Coeur de Terre is a must on the list of places to visit in Willamette Valley, not just for their delicious wines but also because the owners are unpretentiously knowledgeable and loads of fun to hang with as they share the bounty of their family owned, organically run winery. They make a very tasty Riesling and produce several high-quality single vineyard Pinot Noirs. These include their sleek Talluhah’s Run 2009 showing floral and blackberry aromas intermingled with flavors of spice, dark plum, red berries and tobacco; the even more floral Abby’s Block 2009 that has cranberry, black cherry and savory notes with firmer tannins and a bit more spice and the softer Sarah Jane’s Block 2009 whose red cherry and rose petal scents are accented with hints of leather and herbs that persist among the spicy red and dark fruit flavors well into the long finish. Their violet and blackberry scented Renelle’s Block 2009 is simply delightful, deep in color and structure with Asian spice, black cherry, raspberry, cola and earthy flavors that display remarkable complexity, length and balance.

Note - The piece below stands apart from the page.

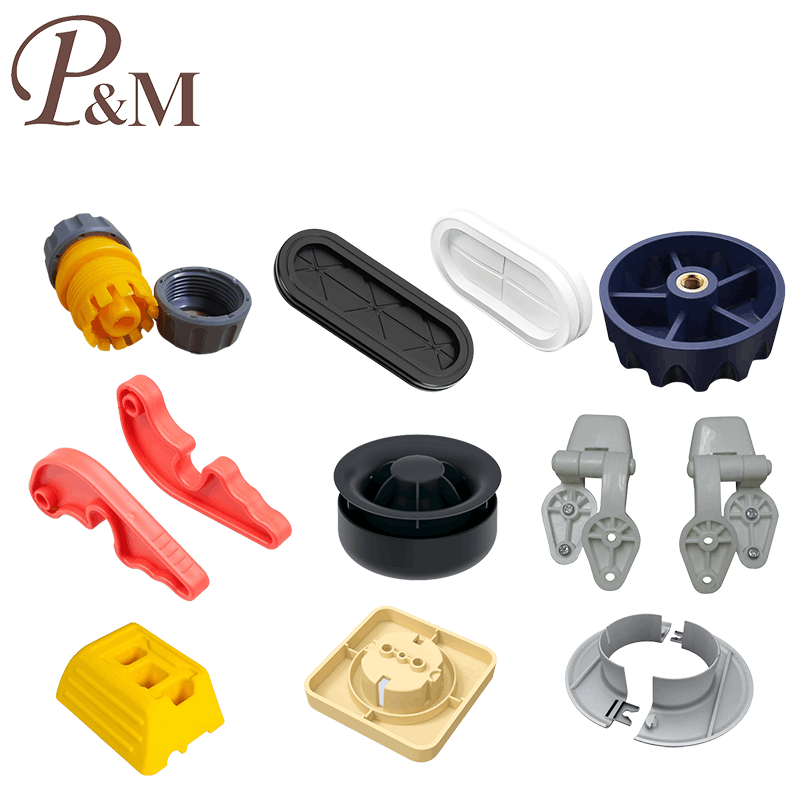 OEM formsprutningsservicepartner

The single best word to describe Dukes Family Vineyards is “precision.” It is seen everywhere in the property located in Oregon’s Eola-Amity Hills from the immaculately maintained vineyards on their gorgeous estate to the structure of their exceptional wines.

Pat Dukes has a resume (including being a Cordon Bleu-trained chef) that would make the bearded Dos Equis beer guy jealous. His wife Jackie says that their friends accuse them of the best mid-life crisis ever. They moved onto the property to live among the vines in 2008 where they oversee all aspects of the winemaking and still find time to cook and entertain their guests.

The Dukes’ Blushing Katie 2011, a 100 percent Pinot Noir Rose, has lovely watermelon aromas and tart cherry and strawberry flavors with good balance and length. The deeply fragrant Alyssa Pinot Noir 2009 has dark and red berry aromas and flavors and soft tannins allowing it to be enjoyed now as well as after a few more years in the bottle, while the 2010 Alyssa shows more earthiness and bramble character along with spicy red berry, cranberry and black fruit. A distinctive contrast is also seen between the harvests of their Charlotte vineyards with the 2009 showing more earth along with dark fruit in a soft frame while the 2010 Charlotte has some additional spiciness along with cranberry, dark fruit and a more pronounced minerality.